Foreign Owners Earning Rental Income from US Real Estate
If you are a foreign owner of US real estate and earn rental income from it, you need to be aware of the tax implications. Here’s what you need to know.
As a foreign owner of US real estate, you are subject to US federal income tax on the rental income you earn from the property. You must file a US tax return and report the rental income you received.
Under US tax law, the tenant who pays rent to a foreign owner of US real estate is required to withhold 30% of the gross rental income and remit it to the Internal Revenue Service (IRS). This withholding tax is a prepayment of the foreign owner’s US federal income tax liability.
Claiming a Refund
If the amount of withholding tax exceeds the foreign owner’s actual US federal income tax liability, the foreign owner can claim a refund of the excess amount by filing a US tax return.
Foreign owners of US real estate may be eligible for reduced withholding tax rates under a tax treaty between the US and their home country.
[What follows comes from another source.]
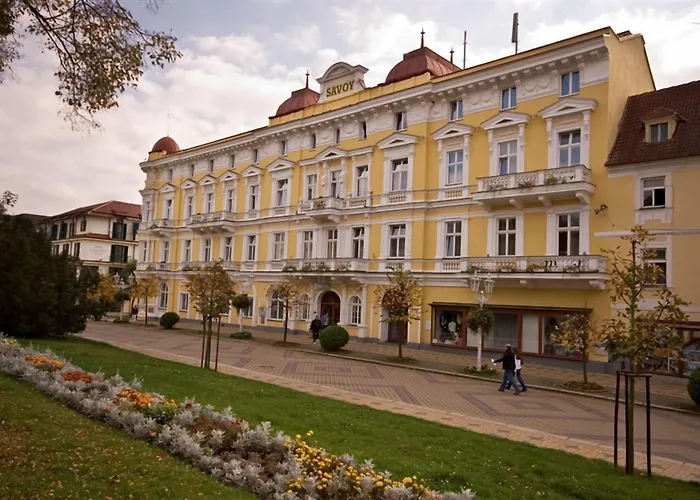Savoy & 4* Františkovy Lázně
To claim treaty benefits, the foreign owner must provide the tenant with a valid Form W-8BEN, Certificate of Foreign Status of Beneficial Owner for United States Tax Withholding and Reporting.
Foreign owners of US real estate who earn rental income need to be aware of the US tax implications. It is important to file a US tax return and comply with US tax law to avoid penalties and ensure that you are not paying more tax than you owe.